Exercise details:
Reproduce only what lies between the first line of the material below and the line containing "Crystal quartz Chip Bead Bar Bracelet - Crystal", with both of those lines included and every line kept exact.

Records for the task:
---------------

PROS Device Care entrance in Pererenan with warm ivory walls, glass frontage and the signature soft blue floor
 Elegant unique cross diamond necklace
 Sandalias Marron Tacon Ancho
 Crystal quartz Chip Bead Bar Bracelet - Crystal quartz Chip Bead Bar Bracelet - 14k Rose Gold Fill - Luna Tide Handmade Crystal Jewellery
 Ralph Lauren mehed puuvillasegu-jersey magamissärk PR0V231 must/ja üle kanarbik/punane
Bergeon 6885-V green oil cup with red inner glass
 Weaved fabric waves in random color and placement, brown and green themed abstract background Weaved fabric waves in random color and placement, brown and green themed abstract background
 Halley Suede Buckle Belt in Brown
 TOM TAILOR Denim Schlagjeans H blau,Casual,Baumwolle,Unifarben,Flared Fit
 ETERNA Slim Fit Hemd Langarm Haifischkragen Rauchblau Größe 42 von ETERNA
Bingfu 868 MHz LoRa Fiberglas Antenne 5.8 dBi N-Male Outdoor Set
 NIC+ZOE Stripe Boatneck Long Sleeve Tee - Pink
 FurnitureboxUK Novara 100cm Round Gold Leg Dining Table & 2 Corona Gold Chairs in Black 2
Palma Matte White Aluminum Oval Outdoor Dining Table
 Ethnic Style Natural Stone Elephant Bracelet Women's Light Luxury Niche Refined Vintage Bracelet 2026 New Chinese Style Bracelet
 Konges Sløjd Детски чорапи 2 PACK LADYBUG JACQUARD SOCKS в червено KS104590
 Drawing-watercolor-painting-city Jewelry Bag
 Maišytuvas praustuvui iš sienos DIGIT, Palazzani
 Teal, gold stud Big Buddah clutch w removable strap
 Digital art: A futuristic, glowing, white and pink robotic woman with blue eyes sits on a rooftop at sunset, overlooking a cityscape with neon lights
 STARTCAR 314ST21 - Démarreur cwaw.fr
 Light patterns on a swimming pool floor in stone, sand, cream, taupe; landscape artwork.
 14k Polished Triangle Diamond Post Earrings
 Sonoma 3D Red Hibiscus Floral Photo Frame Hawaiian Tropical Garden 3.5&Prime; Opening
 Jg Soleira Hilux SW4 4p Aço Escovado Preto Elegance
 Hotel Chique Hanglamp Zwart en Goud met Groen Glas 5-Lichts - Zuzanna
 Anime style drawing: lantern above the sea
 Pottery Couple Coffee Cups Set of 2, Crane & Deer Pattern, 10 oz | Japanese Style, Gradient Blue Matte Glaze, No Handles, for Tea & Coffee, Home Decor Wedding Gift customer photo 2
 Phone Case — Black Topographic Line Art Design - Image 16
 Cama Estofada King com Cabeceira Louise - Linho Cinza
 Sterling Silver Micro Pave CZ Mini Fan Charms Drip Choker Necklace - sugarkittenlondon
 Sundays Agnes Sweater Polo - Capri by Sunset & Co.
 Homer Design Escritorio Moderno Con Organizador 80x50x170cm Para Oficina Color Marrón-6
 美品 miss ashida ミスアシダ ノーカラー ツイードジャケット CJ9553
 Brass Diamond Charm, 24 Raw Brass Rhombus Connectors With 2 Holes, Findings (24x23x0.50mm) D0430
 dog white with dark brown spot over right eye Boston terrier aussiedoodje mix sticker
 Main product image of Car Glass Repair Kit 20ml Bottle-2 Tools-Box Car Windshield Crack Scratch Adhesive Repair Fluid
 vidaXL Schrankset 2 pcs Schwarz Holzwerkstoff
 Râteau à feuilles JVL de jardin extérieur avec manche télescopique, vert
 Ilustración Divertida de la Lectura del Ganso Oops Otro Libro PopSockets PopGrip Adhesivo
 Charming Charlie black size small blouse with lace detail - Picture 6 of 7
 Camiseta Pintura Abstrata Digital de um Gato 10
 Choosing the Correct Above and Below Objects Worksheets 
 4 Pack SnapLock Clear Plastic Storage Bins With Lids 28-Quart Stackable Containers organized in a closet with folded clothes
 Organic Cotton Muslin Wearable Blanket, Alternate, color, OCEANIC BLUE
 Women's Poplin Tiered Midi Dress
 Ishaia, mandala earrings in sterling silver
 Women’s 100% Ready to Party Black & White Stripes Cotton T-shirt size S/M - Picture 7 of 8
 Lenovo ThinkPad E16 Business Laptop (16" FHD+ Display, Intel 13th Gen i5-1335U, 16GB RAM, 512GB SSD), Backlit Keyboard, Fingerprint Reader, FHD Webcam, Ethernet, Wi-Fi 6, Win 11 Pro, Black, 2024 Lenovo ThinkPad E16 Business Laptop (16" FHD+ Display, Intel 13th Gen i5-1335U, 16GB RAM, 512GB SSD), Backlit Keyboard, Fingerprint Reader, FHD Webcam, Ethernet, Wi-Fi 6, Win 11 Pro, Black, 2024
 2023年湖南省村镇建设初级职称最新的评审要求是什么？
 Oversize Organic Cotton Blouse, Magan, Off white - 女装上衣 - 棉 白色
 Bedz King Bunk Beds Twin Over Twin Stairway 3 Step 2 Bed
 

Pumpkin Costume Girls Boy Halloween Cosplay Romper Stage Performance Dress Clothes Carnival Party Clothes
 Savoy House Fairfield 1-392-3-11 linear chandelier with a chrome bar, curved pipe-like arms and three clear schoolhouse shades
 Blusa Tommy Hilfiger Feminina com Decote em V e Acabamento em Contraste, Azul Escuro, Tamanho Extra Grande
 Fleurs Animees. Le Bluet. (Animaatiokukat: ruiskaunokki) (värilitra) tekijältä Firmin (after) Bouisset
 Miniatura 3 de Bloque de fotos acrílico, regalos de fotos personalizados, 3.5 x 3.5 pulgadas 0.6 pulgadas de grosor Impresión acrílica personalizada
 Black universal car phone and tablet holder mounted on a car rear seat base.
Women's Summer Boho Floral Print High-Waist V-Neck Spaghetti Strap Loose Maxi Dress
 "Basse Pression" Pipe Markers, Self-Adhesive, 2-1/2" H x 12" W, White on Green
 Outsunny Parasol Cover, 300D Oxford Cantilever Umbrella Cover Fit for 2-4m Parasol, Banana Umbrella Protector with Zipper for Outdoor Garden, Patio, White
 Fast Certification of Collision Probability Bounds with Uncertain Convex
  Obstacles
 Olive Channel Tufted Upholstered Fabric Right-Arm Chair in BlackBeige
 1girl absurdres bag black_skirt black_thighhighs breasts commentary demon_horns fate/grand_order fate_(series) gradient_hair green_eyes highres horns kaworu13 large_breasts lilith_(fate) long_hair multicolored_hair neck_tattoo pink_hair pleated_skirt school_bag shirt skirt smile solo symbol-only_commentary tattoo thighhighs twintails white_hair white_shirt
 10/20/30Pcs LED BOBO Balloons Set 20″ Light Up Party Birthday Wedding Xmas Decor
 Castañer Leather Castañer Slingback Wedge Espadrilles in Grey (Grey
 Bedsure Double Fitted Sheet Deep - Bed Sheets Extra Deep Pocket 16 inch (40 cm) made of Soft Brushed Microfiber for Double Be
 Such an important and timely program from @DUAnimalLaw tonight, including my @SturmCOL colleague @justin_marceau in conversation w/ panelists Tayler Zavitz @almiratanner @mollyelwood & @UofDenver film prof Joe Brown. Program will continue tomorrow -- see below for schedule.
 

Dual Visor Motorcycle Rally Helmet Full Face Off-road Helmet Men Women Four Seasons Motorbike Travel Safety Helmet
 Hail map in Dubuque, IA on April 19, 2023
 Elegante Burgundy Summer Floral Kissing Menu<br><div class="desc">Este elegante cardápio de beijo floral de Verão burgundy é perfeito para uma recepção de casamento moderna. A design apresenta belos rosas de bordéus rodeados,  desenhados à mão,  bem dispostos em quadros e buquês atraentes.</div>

---------------

Written answer:
PROS Device Care entrance in Pererenan with warm ivory walls, glass frontage and the signature soft blue floor
 Elegant unique cross diamond necklace
 Sandalias Marron Tacon Ancho
 Crystal quartz Chip Bead Bar Bracelet - Crystal quartz Chip Bead Bar Bracelet - 14k Rose Gold Fill - Luna Tide Handmade Crystal Jewellery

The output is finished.